ひさびさにラファールの記事に接した。

  Harsh V. Pant, Angad Singh 記者による2020-8-10記事「Rafale Jets Won’t Save India’s Air Force」。
    7月29日に5機のラファール戦闘機がインド空軍へ納品のため飛来した。これは2016にダッソー社が結んだ契約の履行である。さらに31機がこれから続く予定。

 インド空軍は合計126機の旧い戦闘機の刷新を欲している。その需要を何かが埋めなくてはならない。

 中共空軍は過去20年間に、インド空軍に対していろいろなレベルで優勢に立ってしまった。それがいま、数機の新型戦闘機で逆転することはないだろう。

 インド空軍はげんざい、31個スコードロンしか戦闘機を運用できていない。政府は42個まで承認しているのだが。

 いまだにミグ21からなるスコードロンすら残っている。これは2024年までに全廃される予定。

 ※2004年にスタートしたインドのMMRCAをめぐるうんざりするような兵器取引交渉史を、わたしは2017年2月の『日本の兵器が世界を救う』のなかで詳しくフォローした。
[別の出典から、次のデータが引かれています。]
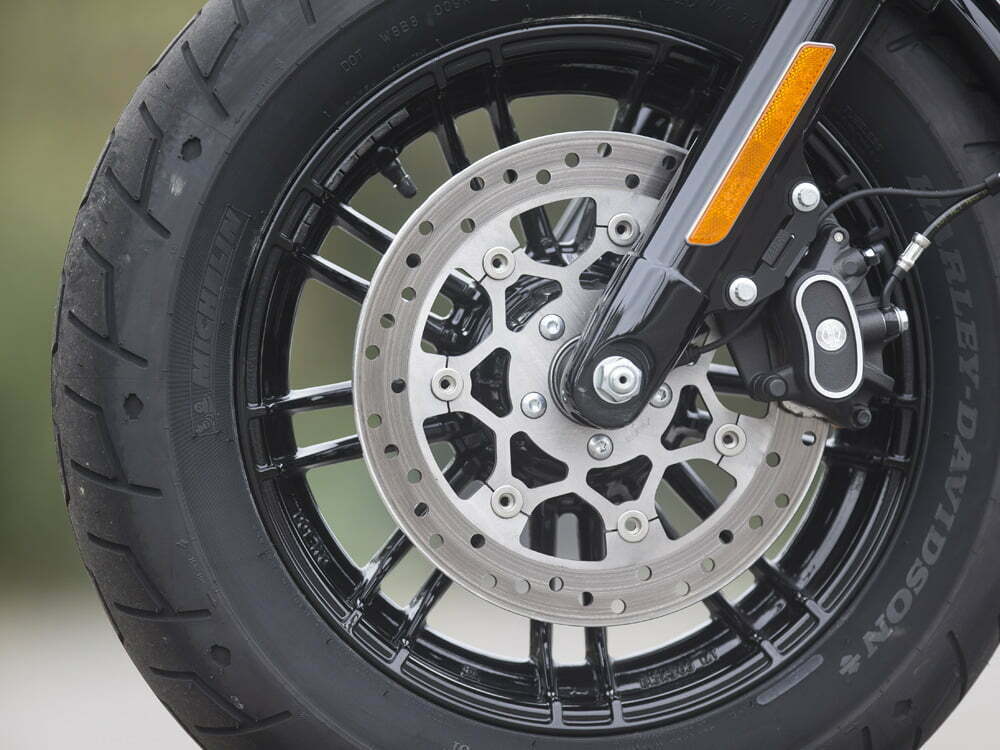 Split nine-spoke cast aluminum wheels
その149ページで、《ラファール1号機の引渡しは、2019年9月が予定されている》、としめくくってある。とうとう、初号機が到着したのか! よほど、中共からの圧力が、インド人にはコタえているのだろう。なお、なぜインド政府と国会が、インド空軍を予算面で冷遇し続け、さりとて、精鋭陸軍中心主義でもなく、あくまで「パラミリタリー」中心主義を堅持するのか、その政治史的な背景について知りたい方も、『日本の兵器が世界を救う』を一読すると氷塊するであろう。


 次。
 Michael Hunzeker and Brian Davis 記者による2020-8-10記事「The Defense Reforms Taiwan Needs」。
     6月、米陸軍の特殊部隊が台湾に入って、台湾軍と合同訓練し、その模様は、フェイスブックに投稿された。
 米連邦議会下院では、テッド・ヨホ議員が新しい「台湾侵略阻止法」を提案している。

  ペンタゴンは台湾に長年、中共軍や米軍と同じような装備ではなくて、非対称的な軍備にこころがけた方がよいとアドバイスしてきた。蔡総統はようやくそれを肯定的に公言できるようになった。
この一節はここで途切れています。